Anyway. We went the homemade route. I first made one set for Pia as an after-school surprise (that topic will have to be a post of its own soon as it has become quite the issue around here) to see if the idea would be a hit. When it captured her attention for more than 10 minutes I figured I was on to something.

The idea began with the ubiquitous wooden clementine crate. Intended to be throw-away packaging, I suppose, but they are made of wood so they seem too good to throw away (and that last bit, my friends, sums up why my house is such a pit). So, naturally, I hang on to the crates thinking they will be good for something. And it turns out they are good for many things, but in this particular instance they are the basis for a fun little bean bag game: The Great Clementine Bean Bag Toss.  Yes, it is just as noble and fun as it sounds.

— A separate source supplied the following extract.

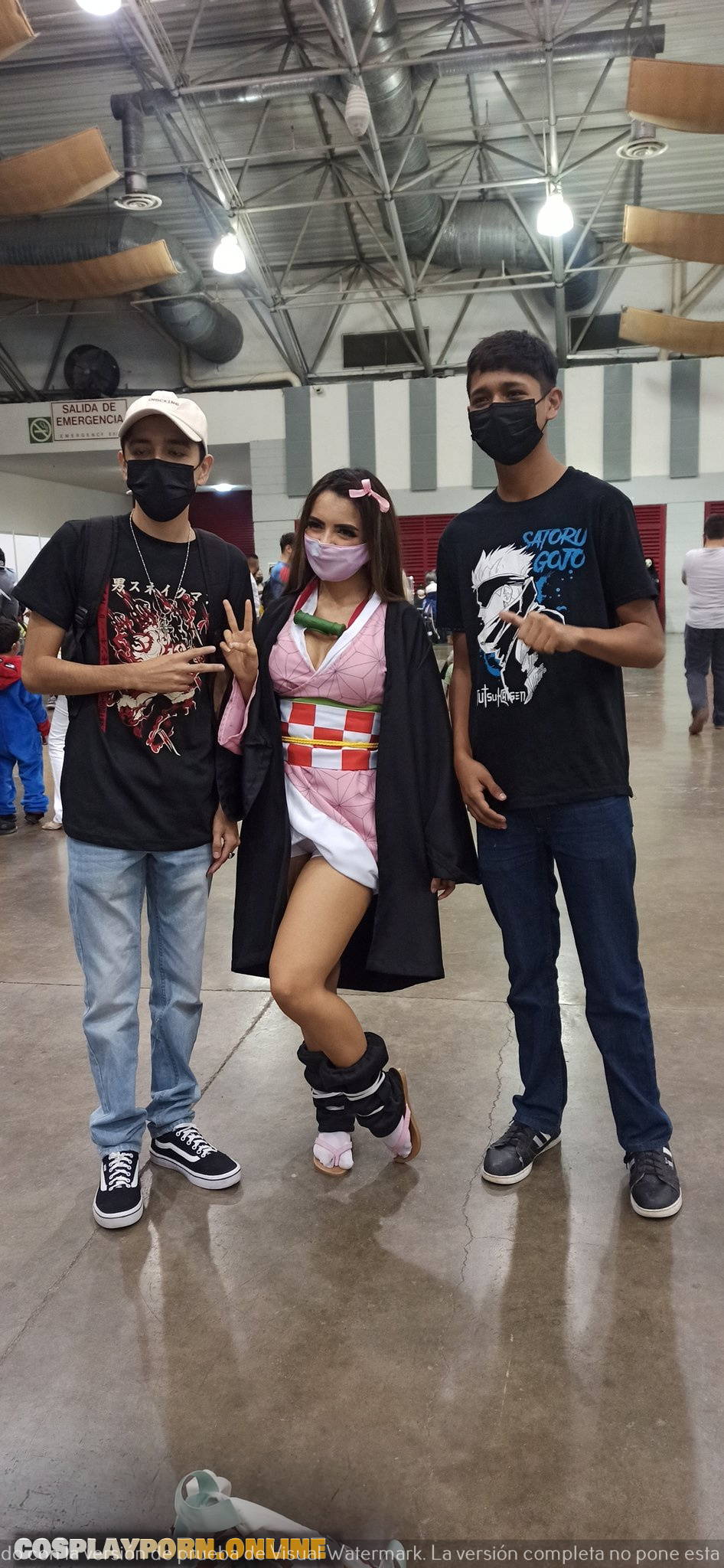 Cosplayer_Michelle-Zepeda bathroom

I stitched up 15 bean bags about the size of clementines out of textured fabric that I had in my stash and filled them with dried popcorn and lentils. Jim designed a little rule book complete with scorecards. The rules are simple. Divide the clementines evenly amongst the players. Set down the crate. Take three giant steps back. See how many clementines you can get in the crate. It is simple. But bean bag games are fun. I think. And when they aren’t being used as bean bags they can be used in a play kitchen. Or to throw at people.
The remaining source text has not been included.